I have mixed feelings about this book.

On the one hand, I think Walden’s ethos and philosophy is largely positive and relatable for me. His views on the appreciation of nature, solitude, and civil life are good and important. I think more people should do the things he recommends.

On the other hand, this book was hard to read. Much harder than I thought it would be. I realized that not many people I know offline and online have read Thoreau’s work. Yes, he is often cited for his subversive views, but how many people today actually do read Walden? I’m sure some people gave up, and I almost did a couple of times.

I liked the content, but I was bored by the style and delivery.

I read this for the Classics Spin and it took me ages. I put it away for nearly a month because it did not engage me. Philosophy in general can be hard to read, but he is sometimes less forthright cut about it than Plato or the Enlightenment philosophers. I think this book would have been improved if there was a plot or more concrete examples. It was as if I was reading a long diary entry in Thoreau’s life. He meanders and his style changed.

Most of this book is not actually about civil disobedience or vegetarianism, it’s largely about nature. Long, overwrought passages on nature. I actually don’t think Thoreau is a bad writer, but there was something incredibly dull about most of this book. Too much waxing poetic. I remember many a number of pages on lakes and ponds and rivers.

In the beginning of the book, I did find Thoreau was erudite, intelligent and true, but at the same time, I found him florid, pretentious and bourgeois. This was the first 10% of the book, the rest he just talk about nature, solitude, and his neighbors. I am not sure if it was the time frame, but that should not be a problem since I have read so many nineteenth century books, but not necessarily philosophy. There was sometimes a feeling of insincerity in his words or slight arrogance about his knowledge of the world. He was only about 30 when he wrote this and I can see that his relatively young age can have contributed. He had not travelled very much and it shows in this book. I also suspect he was sarcastic at times.

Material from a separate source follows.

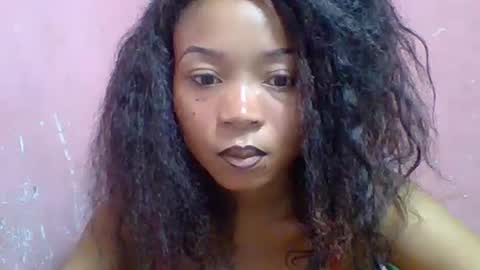 estelah20 online show from 10.07.25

Should other people read it? I think parts of the book and certain quotations make provocative reading such as the last section of Civil Disobedience. I think it is also a good book about history and the setting in which he wrote it because Thoreau is clearly intelligent. In terms of reading this for fun, I really do not know many people who should actually enjoy this book.

Or maybe I am blind to how good his prose was, but for me, this was not the most memorable reading experience even though I did agree with Thoreau at times.

Read on Kindle from February 27th to April 12th 2013.

5 thoughts on “Walden by Henry David Thoreau

    1. Hi Susan! I’ve read some of Emerson’s poetry and quite like it. I do appreciate and admire Thoreau, but it was slow going through the book. Hope your weekend is going well!

  1. This is one of my favorite books. To each his/her own, right? 🙂 Civil Disobedience is not part of Walden, though it’s often included these days as a separate essay attached to Walden. Walden was a book; Civil Disobedience was a lecture that was titled “Civil Disobedience” posthumously, if I recall.

    1. Hi Mabel! I do remember you saying that when I did my spin post. My copy of the book on Kindle just tacked on the Civil Disobedience essay which was confusing. I do like some parts of the book, but it’s not my favourite book. Still, I don’t regret it and he does have some memorable lines in Walden itself. Thanks!